It was another day on the job.
Hisham and Sayed are two brothers who work as Soyas, car attendants in a garage building in Heliopolis. They are responsible for around one hundred cars. Only ten of those cars are parked in the building’s tiny garage. For the remaining cars, the soyas are responsible for finding parking spots along the same streets as well as keeping the cars in their charge clean every day.
In the past, Ali Mahmud Street was full of villas just like most of Cairo streets. But at the beginning of the nineties, villa owners converted their homes into housing plots. On average, Egyptian buildings have five floors. If each floor was to have two apartments, and each apartment had at least two cars, it would be impossible for the cars of the residents of a certain building to be parked around their building. That’s where people like Hisham and Sayed comes in.
Now Ali Mahmud Street has two lanes with a pavement in the middle. It’s always packed with parked cars on both sides of each lane, which now makes it a four line street with parked cars.
Sayed arrived to Ali Mahmud Street from his hometown, Al Mahala, a town in Al gharbyya governorate, north of Egypt before his brother. He used to work in a dye house where he got a severe allergy from the chemicals used that developed later to asthma.
“I was making good money,” Sayed said. “But I was losing my health.”
Unlike most of the people in his village, Sayed was not into farming. When he was invited by his cousin to work with him in a garage in Cairo, Sayed jumped at the chance and he left to Cairo in 2001.Two years later when Sayed’s cousin went into military service, so he asked his brother Hisham to come and work with him at the same garage.
Both Hisham and Sayed come from a family that consists of four brothers and two sisters. Following family tradition, the eldest of boys goes to school while the rest work as farmers. Sayed as the eldest went to school for eight years and earned a diploma in handicraft, Hisham and his siblings, however, didn’t go to school at all. In Hisham national identification, the profession section says, labor.

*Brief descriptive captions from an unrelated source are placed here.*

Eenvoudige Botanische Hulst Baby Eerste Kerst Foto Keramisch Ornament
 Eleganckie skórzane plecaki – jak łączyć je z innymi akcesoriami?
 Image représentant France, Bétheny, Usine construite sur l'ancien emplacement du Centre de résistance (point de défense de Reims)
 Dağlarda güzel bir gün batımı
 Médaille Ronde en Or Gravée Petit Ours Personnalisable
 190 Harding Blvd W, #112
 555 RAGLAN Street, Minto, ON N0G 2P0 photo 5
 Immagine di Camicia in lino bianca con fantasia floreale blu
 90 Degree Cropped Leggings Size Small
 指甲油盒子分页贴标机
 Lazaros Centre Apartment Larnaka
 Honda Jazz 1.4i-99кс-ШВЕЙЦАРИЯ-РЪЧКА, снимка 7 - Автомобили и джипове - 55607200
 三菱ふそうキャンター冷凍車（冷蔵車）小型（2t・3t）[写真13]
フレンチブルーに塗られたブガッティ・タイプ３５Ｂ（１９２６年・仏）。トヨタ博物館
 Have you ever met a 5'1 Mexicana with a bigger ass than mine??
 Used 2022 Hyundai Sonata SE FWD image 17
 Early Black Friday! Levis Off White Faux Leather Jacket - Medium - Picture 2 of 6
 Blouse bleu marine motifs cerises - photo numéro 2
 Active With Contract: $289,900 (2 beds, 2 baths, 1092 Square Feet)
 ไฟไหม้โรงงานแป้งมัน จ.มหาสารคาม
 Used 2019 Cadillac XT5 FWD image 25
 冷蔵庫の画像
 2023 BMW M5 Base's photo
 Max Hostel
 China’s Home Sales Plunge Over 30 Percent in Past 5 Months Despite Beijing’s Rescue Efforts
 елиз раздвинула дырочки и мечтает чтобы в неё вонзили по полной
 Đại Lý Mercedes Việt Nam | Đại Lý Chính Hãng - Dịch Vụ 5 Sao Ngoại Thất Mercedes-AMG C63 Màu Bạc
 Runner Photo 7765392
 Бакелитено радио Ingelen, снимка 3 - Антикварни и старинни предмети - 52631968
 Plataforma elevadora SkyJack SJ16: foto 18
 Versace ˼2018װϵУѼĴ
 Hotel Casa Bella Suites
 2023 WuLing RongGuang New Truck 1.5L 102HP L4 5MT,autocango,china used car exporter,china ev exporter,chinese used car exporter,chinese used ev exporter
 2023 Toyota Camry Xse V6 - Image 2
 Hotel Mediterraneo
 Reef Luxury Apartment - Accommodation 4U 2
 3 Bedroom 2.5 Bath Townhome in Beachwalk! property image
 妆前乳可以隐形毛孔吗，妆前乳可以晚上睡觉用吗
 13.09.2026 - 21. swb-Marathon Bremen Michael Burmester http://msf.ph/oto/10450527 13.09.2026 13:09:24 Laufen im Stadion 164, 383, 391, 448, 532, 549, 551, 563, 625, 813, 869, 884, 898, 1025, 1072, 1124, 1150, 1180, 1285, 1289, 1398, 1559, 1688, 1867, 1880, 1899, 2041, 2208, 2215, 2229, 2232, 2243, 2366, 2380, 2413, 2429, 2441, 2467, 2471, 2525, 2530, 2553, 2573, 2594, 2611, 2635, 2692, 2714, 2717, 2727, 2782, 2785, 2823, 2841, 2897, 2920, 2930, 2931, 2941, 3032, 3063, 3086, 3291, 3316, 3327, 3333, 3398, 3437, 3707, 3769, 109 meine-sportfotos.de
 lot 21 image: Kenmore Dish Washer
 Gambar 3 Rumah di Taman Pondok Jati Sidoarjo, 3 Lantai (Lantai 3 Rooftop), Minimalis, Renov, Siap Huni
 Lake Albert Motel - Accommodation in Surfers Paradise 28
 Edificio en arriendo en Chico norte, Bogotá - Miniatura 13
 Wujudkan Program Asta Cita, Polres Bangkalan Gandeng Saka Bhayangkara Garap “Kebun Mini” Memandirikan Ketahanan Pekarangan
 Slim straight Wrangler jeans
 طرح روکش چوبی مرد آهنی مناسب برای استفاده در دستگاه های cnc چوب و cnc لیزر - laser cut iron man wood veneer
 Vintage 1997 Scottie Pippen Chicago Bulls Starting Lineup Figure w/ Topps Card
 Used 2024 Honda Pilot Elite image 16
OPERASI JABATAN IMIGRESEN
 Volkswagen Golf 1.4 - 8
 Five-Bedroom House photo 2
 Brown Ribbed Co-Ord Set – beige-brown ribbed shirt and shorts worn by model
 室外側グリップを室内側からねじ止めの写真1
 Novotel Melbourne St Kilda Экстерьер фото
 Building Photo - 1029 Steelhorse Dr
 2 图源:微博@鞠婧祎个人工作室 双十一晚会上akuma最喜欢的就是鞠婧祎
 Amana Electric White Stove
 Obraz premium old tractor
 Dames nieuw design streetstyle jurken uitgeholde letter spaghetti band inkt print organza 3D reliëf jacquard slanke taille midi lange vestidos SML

“I cannot read or write but its ok its not necessary at my work as a Sayes.” Hisham said.
While unschooled in book learning, Hisham was knowledgeable when it came to cars. He worked as a mechanic to a car valet.
“It’s a tiring job,” Hisham admit. “But it’s worth the money paid.”
For the ten cars parked inside the garage, the owner of the garage, who hired Hisham and Sayed, takes hundred pounds a month for each car. Then, it’s the brothers’ job to have a deal with the car owner to pay them more than a hundred pounds a month. When a new client ask them how much he would pay if he hired them as his Sayes they just give him a number according to the car model.
“So not all car owners pay the same, the monthly payments ranges from 130 to 160 pounds per month, what is over hundred we take it” Saied said. “ I cannot take from a Fiat owner the same money the BMW owner will pay.”
As for the cars they park in the street, the car owners pay 40 pounds per month per car. Twenty pounds go to the garage owner and twenty goes to Hisham and Sayed.
“Although these cars park in the street, they first arrive to the garage entrance corridor and they stay there till we take them one by one and find places for them in the street,” Hisham and Sayed said.
Hisham and Sayed depends more on tips especially in occasions like the Eid and Ramadan. Their clients give them from 50 to one hundred pounds each as Eidya.
“After hard work and sleepless nights we feel rewarded, and we feel that our clients appreciate our work.”